Wow, it's been a terribly long time since I've been on here, hasn't it?  I suppose that comes with the territory of working, going to nursing school and raising two kids.

So, updates.  It's summer break here.  The kids are crazy, and I think we are all about ready for school to start back up.  We went to Disney World in May, and it was AMAZING!  Seriously, it was the best experience we could have hoped for.  The kids are already talking about when we can go back.

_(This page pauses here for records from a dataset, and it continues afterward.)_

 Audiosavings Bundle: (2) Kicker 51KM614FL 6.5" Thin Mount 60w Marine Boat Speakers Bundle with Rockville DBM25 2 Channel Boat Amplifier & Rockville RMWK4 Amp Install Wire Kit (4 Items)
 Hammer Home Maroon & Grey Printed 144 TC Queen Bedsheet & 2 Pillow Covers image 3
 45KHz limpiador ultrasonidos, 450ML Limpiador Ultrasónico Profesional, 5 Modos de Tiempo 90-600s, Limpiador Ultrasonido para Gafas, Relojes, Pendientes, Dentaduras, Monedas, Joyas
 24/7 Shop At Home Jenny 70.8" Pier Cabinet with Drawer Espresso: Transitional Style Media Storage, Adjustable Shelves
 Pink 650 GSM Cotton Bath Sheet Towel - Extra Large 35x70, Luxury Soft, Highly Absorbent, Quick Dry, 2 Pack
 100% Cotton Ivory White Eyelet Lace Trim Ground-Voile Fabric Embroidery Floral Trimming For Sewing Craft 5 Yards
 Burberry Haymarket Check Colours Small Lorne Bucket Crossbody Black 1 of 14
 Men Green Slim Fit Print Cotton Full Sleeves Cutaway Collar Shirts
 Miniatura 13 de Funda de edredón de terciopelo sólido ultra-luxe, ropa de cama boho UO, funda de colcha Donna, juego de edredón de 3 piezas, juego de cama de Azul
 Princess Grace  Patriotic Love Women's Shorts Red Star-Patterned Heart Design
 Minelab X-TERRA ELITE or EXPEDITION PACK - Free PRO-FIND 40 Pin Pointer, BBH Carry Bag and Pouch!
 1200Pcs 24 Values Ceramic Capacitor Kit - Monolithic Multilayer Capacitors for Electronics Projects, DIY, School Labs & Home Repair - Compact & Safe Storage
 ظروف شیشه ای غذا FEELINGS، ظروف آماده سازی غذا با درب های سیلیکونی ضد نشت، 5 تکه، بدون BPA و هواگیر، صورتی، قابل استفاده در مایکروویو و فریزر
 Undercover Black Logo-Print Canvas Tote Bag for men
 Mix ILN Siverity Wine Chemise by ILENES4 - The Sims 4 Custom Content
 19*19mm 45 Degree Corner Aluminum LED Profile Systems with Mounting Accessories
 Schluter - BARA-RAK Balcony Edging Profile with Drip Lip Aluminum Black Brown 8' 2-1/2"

Miss Sunshine had another surgery after we came back.  This time, she had the impacted tube removed, and the ENT did a patch on her eardrum.  Because her last several tests have showed no fluid in her left ear (where the eardrum is intact), the ENT felt it was time to repair the right ear.  Surgery went well although recovery was a bit nerve wracking.  She did not want to wake up, and then didn't want to drink anything post op.  And they wouldn't let us leave until she had something to eat or drink and kept it down.  She finally sucked on enough of a Popsicle for us to go home.  Then it was on to the daunting task of keeping a five year old from doing any gymnastics type activity, and getting no water in the ear of a child who has hair down to their butt.  Not stressful at all.  We had our initial post operative follow up three weeks after surgery - so far so good!  Her eardrum even had some movement, which the ENT said was unexpected.  Her hearing is still down, but that is normal with this surgery.  We go back at the beginning of August for a hearing test to see where she is at.  This surgery was necessary, so we had little choice in regards to doing it, but it does carry the risk of hearing loss.  And since it was on the ear that already has hearing loss, that was a bit scary.  In addition, prior to the surgery, she was borderline for needing a hearing aid in that ear, so if she does have hearing loss as a result we will be dealing with that as well.  Obviously, Mommy is a bit of a mess with this next appointment looming over us.  Happy thoughts would be great about now.

Monster Boy has struggled a lot this year.  We began having major issues with his behavior at school back in October.  It got very bad very fast, and we were at our wits end.  He was finally diagnosed ADHD in December, and after much reluctance, we started medication in January.  I believe medication has a purpose, and I am not against using medications when necessary.  That said, I do try to avoid using medication unless it is 100% needed.  I don't medicate for low fevers, coughs, etc.  so putting him on a daily controlled substance he will likely need at least through school, if not life long, was intimidating to me.  It was a difficult decision, but it was absolutely the right thing to do for our child.  After starting the meds, it was like I had my son back.  I am not naive.  I realize my children can be difficult, handfuls. And downright crazy at times.  But his behavior was so far beyond that, that he really wasn't the kid I knew anymore.  Since starting the meds, he brought his grade in behavior from an F to an A!  I couldn't be more proud of the strides he has made, and I look forward to the new school year rather than dreading it.

Things have been difficult for us as a family the first half of this year, and the road ahead is sure to have more twists and turns as we go along.  But I'm beginning to see a nice, straight, clear stretch of highway in the distance, and I know we can make it to the easy point of our journey if we just keep on moving forward.